Here’s what you want to do instead
1) Understand that your financial freedom, your wealth, is not going to come to you at the expense of your mother’s. Why the hell would it? Why would the Universe set it up like that? Why would YOU set it up like that? Why would you choose that? I would say, make a different decision. Let them be independent of each other, which doesn’t mean you have to get rid of your desire for your mother to have a good life.

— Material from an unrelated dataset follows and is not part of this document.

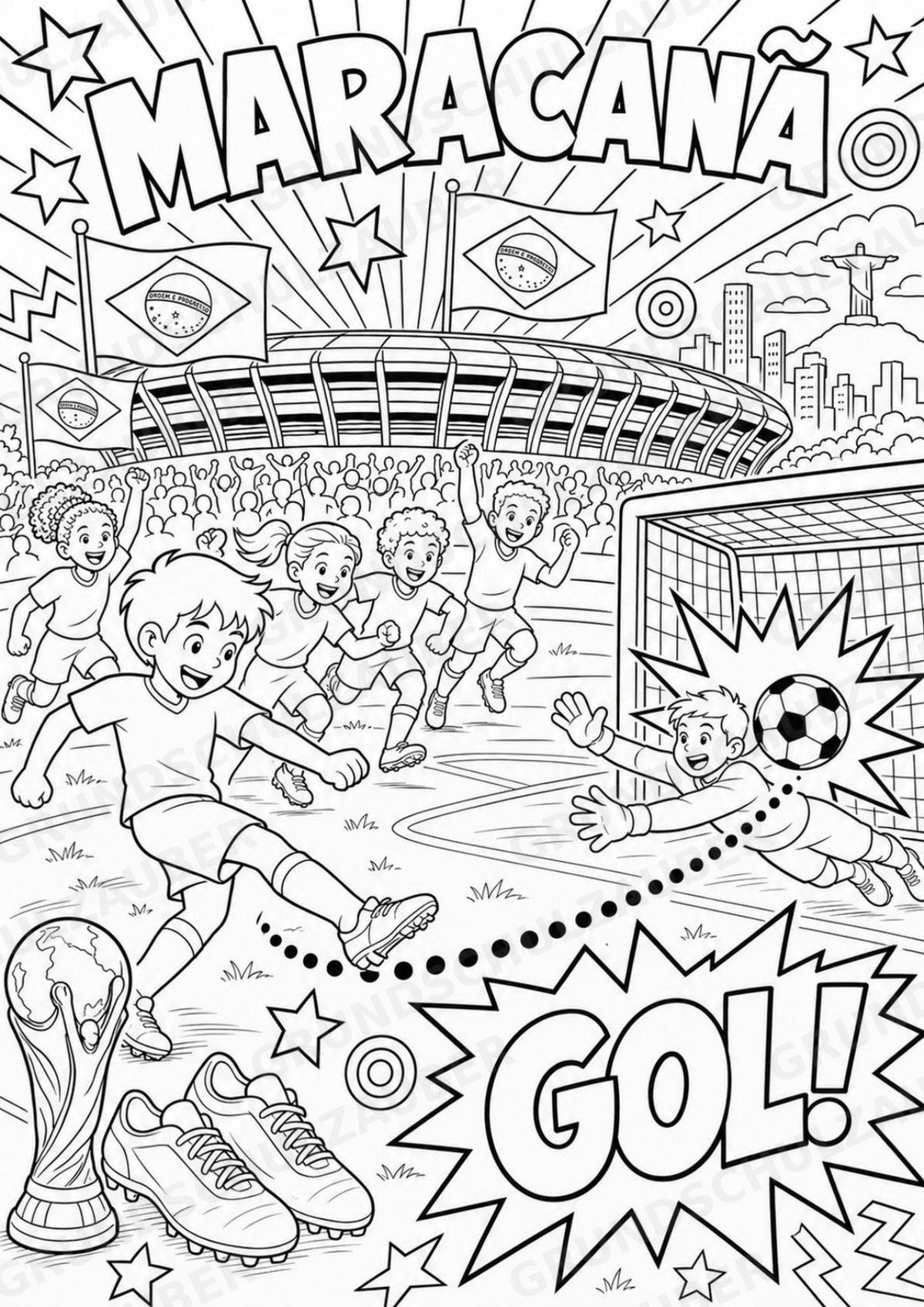 Brasilien POP Art Ausmalbilder 15 Malvorlagen – Materialseite 7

2) Let that desire unfold in the way that she can handle and in the way that matches what she wants; in the way that matches what she believes she can have. How do you do that? You do that by allowing yourself to imagine your mother having a life that allows you to feel good, knowing full well that what you are doing in that moment is lining yourself up with a version of your mother that feels good to you. And then, let that look however that’s going to look for her. Visualize that in any way you want to, in whatever way looks good; in whatever way feels good to you. Then, divorce yourself from how that actually has to look, because who cares, so long as she is really happy.

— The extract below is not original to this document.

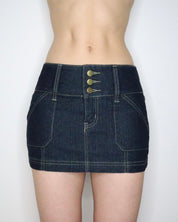 Denim Cargo Mini Skirt (Small) 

Instead of you saying that you see her as financially well off and therefore happy, just see her as happy. Just see her as light and worry free. See her as secure and abundant, which is so much more than money. Take that middle man out and trust her to find her way there. When you line up with that outcome and you feel how good that feels in your heart, then you have lined up with the energy of who she really is. Trust that she is being guided there but also honor her path. Don’t just get in there and say the path she is walking is obviously wrong or tell her she’s not very good at this, which is condescending and arrogant. Honor the path that she is on.
Trust that the path will unfold perfectly
This goes the same for parents too. Honor the path that your children are on; trust them. And NO, this is not going to be easy; because when you really care about somebody and you’ve made yourself responsible for their well-being, then stepping into this different mindset will feel better; but it’s not easy. You have to be a little bit vigilant that you don’t constantly fall back into old habits – at least in the beginning anyway. After that, go ahead and focus on your own wealth, on what feels good to you, and again trust that it will unfold in the perfect way for you. All you have to do then is follow the path that opens up for you. Trust the path that opens up for you.
Here’s the thing: If you are on a really good path, a good feeling path because you’ve hooked up with a really good feeling goal (remember the goal and the path must feel the same; they always feel the same), then how in the hell is this really good feeling path going to involve you screwing your mother over?? Does that feel good to you – screwing your mother over? No it doesn’t! So why would that be part of the good feeling path? That doesn’t make any sense!
Once you understand energy, you understand that the good feeling path, the truly lights-your-heart-up feeling path, is never going to involve you stomping over bodies of any kind. That’s why you don’t have to be afraid of your own power; that’s why you don’t have to be afraid of your own light. That’s why you don’t have to be afraid of truly moving towards what you want in this aligned, aware way that I teach. You are never, ever, EVER going to do any harm. You’re not. Why? Because doing harm doesn’t feel good to you and therefore cannot be part of a really good feeling path.
I know I gave you 3 times as much as you asked for in your email, but I gave you exactly how much you asked for with your energy! I hope that all made sense!